Well done! Your right its nothing new, glad your having some success, hope it continues. I've not been on that site, is it a real wheel or RNG?
it's a live real wheel
Does anyone have a better bet progession I could use? I would like to get a couple more spins and still only spend about $200 before calling it quits
Try this
1,1,2,3,4,6,9,14,21,31,47
My min bet is $10 dollars. . . so are u saying. . . 10,10,20,30 . . . . etc then a 470 dollar bet?
There are many ways to play columns, try to create progressions with street for example
12 sleeping dozens happens once for every 100 spins. That's the mathematical arithmetic for it. That's for the double zero wheel too. I need to power test this with a sim. Usually things tend to balance out. This is not a balanced amount. Conditional statistics are not supposed to be this easy. Time for a crash test dummy session.
The odds to lose this bet on the first of five spins is (26 / 38) = .684211.

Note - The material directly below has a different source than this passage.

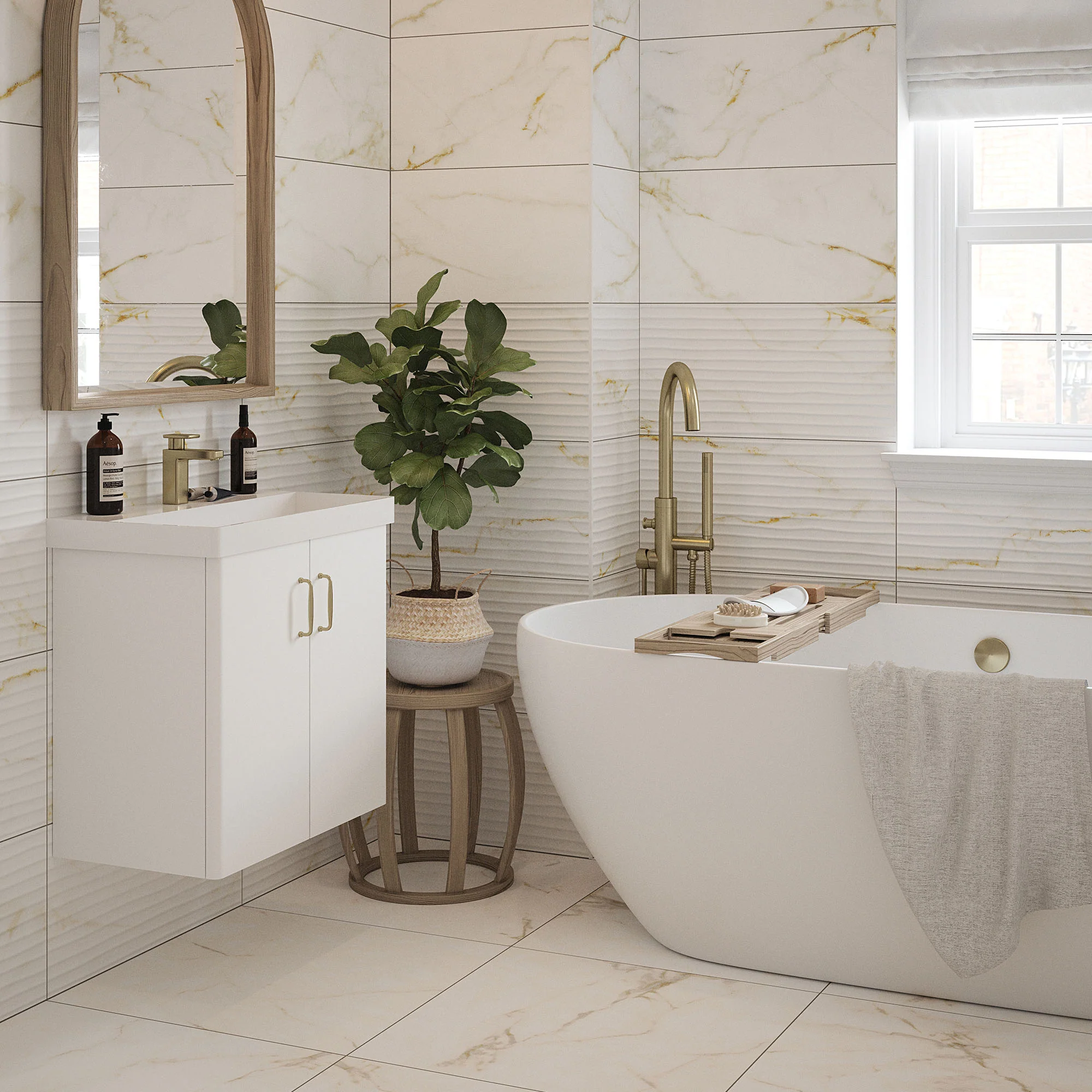 Sterling Matt - Smooth Porcelain Wall & Floor Tile - Image 3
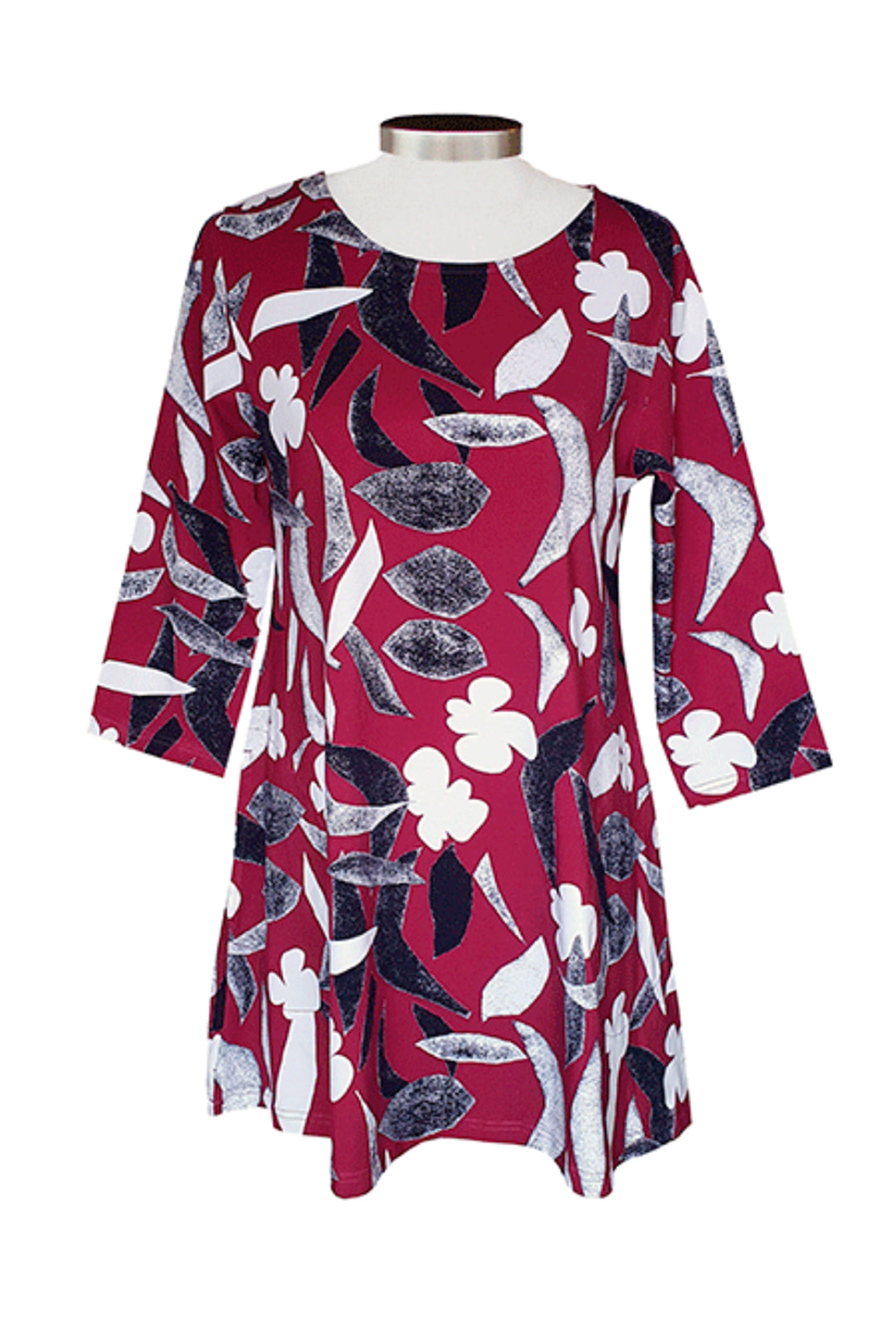 Ratia Pisara Rakastaa Ei Rakasta Wine Red Tunic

That times itself 11 more times descends down to = .010
That equals one in every 100 spins.
.684
.467
.320
.218
.149
.102
.070
.047
.032
.022
.015
.010
Does this look correct to everyone?
COOL! I figured out the balance point. It's right in front of me. There are only 15 opportunities to use it for every 100 spins. It's right there in the odds.
So to balance the cost of losing your progression it will need to pay for itself in 15 winning payoffs. I wonder what position in the progression is the average for those 15 attempts?
Playing any dozen on single zero wheels you have a 67.56% chance of losing the first bet.
We all know you play roulette 1 spin at a time. This means you also have a 67.56% chance of losing the second bet.
So too the third bet, and the fourth, and so on.
For the purposes of playing roulette in real time, calculating the odds of future bets beyond the very next bet is of little use.
Quote from: bombus on May 07, 2011, 09:57:31 PM
Playing any dozen on single zero wheels you have a 67.56% chance of losing the first bet.
We all know you play roulette 1 spin at a time. This means you also have a 67.56% chance of losing the second bet.
So too the third bet, and the fourth, and so on.
For the purposes of playing roulette in real time, calculating the odds of future bets beyond the very next bet is of little use.
Boy, that's a huge and glaring mistake in basic binomial distribution odds. You sure you want to be known for saying this?
Here's help: nolinks://stattrek.com/Tables/Binomial.aspx#distribution (nolinks://stattrek.com/Tables/Binomial.aspx#distribution)
I thought binomial test sampling is carried out without replacement?
Quote from: bombus on May 07, 2011, 10:14:42 PM
I thought binomial test sampling is carried out without replacement?
It works for coin toss tests, same coin over and over again.